Two identical carts weighing 100 g each are connected by a compressed spring. The length of the spring (compressed) is 6 cm. The spring rate is 30 N / m. After the spring unclenched, the carts parted with an acceleration of 6 m / s2. Find the length of the undeformed spring.
m1 = 100 g = 0.1 kg.
l1 = 6 cm = 0.06 m.
k = 30 N / m.
a1 = 6 m / s2.
l0 -?
Since the trolleys have the same mass, when the spring interacts with the trolleys, the elastic force of the spring Fпр imparts the same acceleration to the carts: Fпр = 2 * m1 * а1.
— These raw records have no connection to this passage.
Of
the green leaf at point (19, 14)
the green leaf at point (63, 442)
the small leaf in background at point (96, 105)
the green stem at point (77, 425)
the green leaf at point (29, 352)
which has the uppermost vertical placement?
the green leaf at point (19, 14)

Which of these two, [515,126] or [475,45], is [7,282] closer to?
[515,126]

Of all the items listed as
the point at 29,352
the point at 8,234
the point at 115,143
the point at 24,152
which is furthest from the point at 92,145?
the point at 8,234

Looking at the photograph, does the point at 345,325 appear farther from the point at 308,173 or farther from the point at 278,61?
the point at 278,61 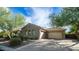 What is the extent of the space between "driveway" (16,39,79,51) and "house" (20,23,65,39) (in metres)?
0.07

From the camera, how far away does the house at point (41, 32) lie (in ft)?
11.3

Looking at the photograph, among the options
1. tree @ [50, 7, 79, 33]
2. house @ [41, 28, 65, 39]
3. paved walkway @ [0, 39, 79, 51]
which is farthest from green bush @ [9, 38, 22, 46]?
tree @ [50, 7, 79, 33]

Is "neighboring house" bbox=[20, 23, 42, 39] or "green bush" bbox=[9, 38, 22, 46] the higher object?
"neighboring house" bbox=[20, 23, 42, 39]

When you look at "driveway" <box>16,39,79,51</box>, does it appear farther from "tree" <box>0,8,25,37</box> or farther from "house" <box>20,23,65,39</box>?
"tree" <box>0,8,25,37</box>

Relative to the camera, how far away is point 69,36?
346cm

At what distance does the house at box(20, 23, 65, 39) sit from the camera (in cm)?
345

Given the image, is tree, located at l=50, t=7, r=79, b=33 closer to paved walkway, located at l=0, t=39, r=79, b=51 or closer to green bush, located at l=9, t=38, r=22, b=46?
paved walkway, located at l=0, t=39, r=79, b=51

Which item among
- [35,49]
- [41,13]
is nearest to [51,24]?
[41,13]

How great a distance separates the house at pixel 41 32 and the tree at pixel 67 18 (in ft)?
0.36

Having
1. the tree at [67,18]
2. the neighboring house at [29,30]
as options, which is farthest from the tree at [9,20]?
the tree at [67,18]

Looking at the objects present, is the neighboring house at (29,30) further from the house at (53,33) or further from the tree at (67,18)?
the tree at (67,18)

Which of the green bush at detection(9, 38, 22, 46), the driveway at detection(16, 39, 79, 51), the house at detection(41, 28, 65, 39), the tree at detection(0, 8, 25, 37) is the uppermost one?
the tree at detection(0, 8, 25, 37)

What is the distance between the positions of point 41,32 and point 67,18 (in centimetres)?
45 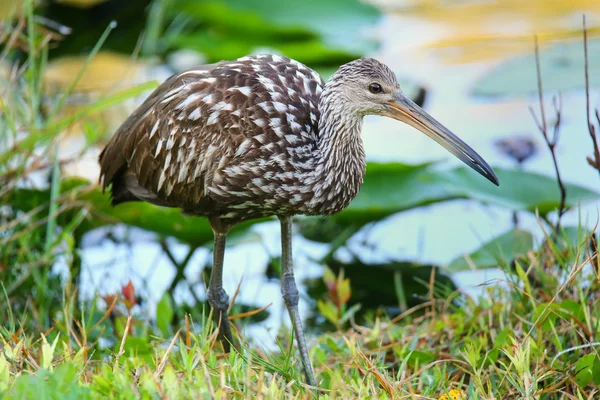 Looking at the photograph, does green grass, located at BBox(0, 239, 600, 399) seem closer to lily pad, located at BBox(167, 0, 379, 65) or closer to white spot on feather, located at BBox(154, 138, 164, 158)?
white spot on feather, located at BBox(154, 138, 164, 158)

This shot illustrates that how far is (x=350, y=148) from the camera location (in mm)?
3514

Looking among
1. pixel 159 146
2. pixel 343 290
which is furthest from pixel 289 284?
pixel 159 146

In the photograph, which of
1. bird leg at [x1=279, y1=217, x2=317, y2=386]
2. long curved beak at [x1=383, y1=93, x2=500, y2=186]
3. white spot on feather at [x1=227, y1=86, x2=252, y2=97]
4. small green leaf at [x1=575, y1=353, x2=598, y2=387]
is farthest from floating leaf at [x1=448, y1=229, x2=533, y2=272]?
white spot on feather at [x1=227, y1=86, x2=252, y2=97]

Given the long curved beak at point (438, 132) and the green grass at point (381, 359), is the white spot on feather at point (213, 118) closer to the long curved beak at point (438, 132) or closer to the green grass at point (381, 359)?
the long curved beak at point (438, 132)

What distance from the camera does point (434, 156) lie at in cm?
618

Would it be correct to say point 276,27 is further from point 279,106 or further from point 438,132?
point 438,132

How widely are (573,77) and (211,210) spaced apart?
339cm

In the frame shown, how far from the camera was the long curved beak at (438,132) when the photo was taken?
3.29m

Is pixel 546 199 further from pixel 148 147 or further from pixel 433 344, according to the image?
pixel 148 147

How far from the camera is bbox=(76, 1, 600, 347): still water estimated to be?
528 centimetres

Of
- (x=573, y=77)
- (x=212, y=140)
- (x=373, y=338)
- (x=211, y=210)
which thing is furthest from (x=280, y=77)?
(x=573, y=77)

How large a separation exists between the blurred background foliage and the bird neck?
79 centimetres

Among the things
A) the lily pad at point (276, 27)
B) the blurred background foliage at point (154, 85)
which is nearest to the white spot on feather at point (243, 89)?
the blurred background foliage at point (154, 85)

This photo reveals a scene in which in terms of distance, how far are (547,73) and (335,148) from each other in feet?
10.9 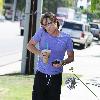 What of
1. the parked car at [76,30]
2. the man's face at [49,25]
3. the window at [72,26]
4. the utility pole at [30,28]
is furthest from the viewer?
the window at [72,26]

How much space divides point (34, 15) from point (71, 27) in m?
15.2

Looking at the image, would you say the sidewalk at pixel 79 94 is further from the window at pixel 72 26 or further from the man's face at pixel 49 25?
the window at pixel 72 26

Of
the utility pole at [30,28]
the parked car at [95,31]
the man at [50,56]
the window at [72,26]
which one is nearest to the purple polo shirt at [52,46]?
the man at [50,56]

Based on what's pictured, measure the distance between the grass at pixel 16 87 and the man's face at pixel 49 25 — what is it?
3.87 meters

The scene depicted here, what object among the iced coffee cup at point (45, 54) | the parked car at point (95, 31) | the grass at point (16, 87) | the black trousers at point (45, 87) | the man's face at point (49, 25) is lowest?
the parked car at point (95, 31)

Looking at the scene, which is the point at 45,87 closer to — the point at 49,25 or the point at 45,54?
the point at 45,54

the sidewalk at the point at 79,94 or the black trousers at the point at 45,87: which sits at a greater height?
the black trousers at the point at 45,87

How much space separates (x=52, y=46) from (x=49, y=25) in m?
0.28

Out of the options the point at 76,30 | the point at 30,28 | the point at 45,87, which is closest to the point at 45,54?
the point at 45,87

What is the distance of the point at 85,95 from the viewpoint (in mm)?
10562

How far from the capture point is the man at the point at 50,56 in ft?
20.2

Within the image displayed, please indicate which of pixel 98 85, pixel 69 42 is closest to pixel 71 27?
pixel 98 85

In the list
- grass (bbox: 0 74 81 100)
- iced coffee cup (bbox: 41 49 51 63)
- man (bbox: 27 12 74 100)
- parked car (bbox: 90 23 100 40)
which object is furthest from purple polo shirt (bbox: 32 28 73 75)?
parked car (bbox: 90 23 100 40)

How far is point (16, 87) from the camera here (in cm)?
1144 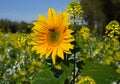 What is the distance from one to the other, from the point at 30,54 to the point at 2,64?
1143 millimetres

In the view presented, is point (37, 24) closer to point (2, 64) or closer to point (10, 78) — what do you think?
point (10, 78)

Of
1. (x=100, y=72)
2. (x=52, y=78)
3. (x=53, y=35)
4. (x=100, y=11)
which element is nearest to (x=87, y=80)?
(x=100, y=72)

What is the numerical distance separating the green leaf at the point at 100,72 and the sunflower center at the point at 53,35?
9.7 inches

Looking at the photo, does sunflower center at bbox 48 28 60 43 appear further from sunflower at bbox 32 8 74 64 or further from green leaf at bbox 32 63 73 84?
green leaf at bbox 32 63 73 84

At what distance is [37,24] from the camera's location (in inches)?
102

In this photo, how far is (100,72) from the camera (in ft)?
8.57

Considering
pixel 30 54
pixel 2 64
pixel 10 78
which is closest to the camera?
pixel 10 78

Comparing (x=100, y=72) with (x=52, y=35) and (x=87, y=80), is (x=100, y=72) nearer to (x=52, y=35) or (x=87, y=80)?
(x=87, y=80)

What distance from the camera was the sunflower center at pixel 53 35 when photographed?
8.38 ft

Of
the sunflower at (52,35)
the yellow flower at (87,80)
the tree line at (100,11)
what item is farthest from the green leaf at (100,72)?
the tree line at (100,11)

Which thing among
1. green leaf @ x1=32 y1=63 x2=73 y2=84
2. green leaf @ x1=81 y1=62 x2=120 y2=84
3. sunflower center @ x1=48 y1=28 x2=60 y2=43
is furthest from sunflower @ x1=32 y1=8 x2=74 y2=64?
green leaf @ x1=81 y1=62 x2=120 y2=84

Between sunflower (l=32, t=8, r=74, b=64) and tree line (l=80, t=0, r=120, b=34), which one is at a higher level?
tree line (l=80, t=0, r=120, b=34)

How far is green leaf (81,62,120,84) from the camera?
2.57 meters

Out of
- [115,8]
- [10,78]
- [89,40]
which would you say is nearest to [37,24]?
[10,78] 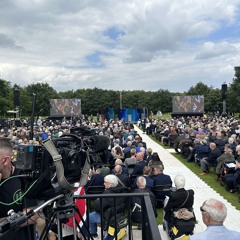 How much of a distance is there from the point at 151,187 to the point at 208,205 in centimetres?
417

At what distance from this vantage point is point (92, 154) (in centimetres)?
311

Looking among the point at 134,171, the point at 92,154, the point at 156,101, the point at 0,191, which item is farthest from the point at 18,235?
the point at 156,101

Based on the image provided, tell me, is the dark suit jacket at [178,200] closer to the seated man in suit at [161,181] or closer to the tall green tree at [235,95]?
the seated man in suit at [161,181]

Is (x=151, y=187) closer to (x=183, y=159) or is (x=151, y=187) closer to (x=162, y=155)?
(x=183, y=159)

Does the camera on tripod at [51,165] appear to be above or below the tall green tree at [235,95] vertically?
below

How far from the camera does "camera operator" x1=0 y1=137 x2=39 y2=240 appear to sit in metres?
2.91

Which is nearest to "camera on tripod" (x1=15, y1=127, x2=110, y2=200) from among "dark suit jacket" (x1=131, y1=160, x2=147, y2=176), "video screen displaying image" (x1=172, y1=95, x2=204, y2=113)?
"dark suit jacket" (x1=131, y1=160, x2=147, y2=176)

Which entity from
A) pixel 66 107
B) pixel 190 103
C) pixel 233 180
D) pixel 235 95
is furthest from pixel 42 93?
pixel 233 180

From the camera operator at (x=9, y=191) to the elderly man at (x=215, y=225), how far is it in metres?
1.86

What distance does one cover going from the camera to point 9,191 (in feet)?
9.84

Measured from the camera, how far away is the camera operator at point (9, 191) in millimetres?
2906

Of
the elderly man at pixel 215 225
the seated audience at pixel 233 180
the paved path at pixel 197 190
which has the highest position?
the elderly man at pixel 215 225

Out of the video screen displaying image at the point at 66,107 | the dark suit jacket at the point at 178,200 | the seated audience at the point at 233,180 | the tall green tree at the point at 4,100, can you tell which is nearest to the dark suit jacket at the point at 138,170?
the seated audience at the point at 233,180

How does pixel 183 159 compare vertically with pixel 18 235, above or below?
below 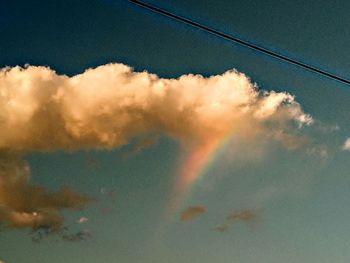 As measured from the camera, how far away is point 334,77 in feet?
65.6

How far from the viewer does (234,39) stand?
1930 centimetres

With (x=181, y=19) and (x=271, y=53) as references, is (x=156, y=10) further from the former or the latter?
(x=271, y=53)

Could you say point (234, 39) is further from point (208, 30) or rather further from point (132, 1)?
point (132, 1)

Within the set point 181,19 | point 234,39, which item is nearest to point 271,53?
point 234,39

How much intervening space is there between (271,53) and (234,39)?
43.5 inches

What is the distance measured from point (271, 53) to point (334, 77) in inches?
84.7

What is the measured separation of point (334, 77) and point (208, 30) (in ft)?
13.1

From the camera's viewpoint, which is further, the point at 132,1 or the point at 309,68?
the point at 309,68

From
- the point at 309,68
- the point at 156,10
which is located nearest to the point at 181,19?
the point at 156,10

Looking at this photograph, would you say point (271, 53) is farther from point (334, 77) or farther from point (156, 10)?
point (156, 10)

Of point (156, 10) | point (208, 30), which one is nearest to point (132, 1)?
point (156, 10)

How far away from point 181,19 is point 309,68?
390cm

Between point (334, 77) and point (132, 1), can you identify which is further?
point (334, 77)

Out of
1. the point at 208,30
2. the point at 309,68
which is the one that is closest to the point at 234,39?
the point at 208,30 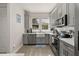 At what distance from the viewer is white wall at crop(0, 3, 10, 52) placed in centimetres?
212

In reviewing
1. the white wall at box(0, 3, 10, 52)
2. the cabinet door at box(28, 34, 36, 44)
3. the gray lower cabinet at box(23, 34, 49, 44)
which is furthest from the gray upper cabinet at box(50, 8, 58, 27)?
the white wall at box(0, 3, 10, 52)

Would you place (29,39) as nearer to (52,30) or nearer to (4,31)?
(52,30)

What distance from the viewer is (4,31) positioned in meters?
2.29

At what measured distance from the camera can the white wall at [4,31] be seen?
6.95ft

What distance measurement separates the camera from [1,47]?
7.54 ft

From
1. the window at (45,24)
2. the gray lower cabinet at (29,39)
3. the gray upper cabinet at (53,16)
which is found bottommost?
the gray lower cabinet at (29,39)

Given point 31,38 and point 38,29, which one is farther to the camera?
point 31,38

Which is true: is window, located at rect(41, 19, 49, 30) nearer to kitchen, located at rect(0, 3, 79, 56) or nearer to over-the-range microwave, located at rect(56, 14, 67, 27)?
kitchen, located at rect(0, 3, 79, 56)

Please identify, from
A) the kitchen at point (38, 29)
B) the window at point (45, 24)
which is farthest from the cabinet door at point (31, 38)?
the window at point (45, 24)

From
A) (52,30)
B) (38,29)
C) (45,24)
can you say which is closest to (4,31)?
(38,29)

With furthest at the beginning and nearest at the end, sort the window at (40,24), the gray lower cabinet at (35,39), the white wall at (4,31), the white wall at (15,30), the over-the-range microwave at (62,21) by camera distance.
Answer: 1. the gray lower cabinet at (35,39)
2. the over-the-range microwave at (62,21)
3. the window at (40,24)
4. the white wall at (15,30)
5. the white wall at (4,31)

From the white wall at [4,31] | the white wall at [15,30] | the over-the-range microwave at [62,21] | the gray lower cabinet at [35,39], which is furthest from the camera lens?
the gray lower cabinet at [35,39]

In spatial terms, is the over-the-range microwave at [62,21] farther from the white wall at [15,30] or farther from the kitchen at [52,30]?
the white wall at [15,30]

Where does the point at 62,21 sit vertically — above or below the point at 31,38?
above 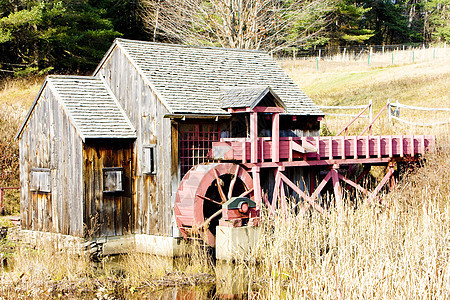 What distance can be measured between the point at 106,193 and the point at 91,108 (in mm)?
2381

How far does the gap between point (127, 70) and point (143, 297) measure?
285 inches

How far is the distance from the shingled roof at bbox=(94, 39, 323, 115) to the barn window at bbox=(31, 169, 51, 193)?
152 inches

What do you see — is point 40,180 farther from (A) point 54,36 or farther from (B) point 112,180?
(A) point 54,36

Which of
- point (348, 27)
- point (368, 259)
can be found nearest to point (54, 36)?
point (368, 259)

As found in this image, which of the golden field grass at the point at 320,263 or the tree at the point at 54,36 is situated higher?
the tree at the point at 54,36

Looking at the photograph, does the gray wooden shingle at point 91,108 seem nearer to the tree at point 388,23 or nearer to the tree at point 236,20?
the tree at point 236,20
We will express the force of elasticity of the spring Fcontrol by Hooke’s law: Fcont = k * (l0 – l1), where l0 is the length of the undeformed spring, l1 is the length of the deformed spring.
k * (l0 – l1) = 2 * m1 * a1.
l0 – l1 = 2 * m1 * a1 / k.
l0 = l1 + 2 * m1 * a1 / k.
l0 = 0.06 m + 2 * 0.1 kg * 6 m / s2 / 30 N / m = 0.1 m.
Answer: the undeformed spring had a length l0 = 0.1 m.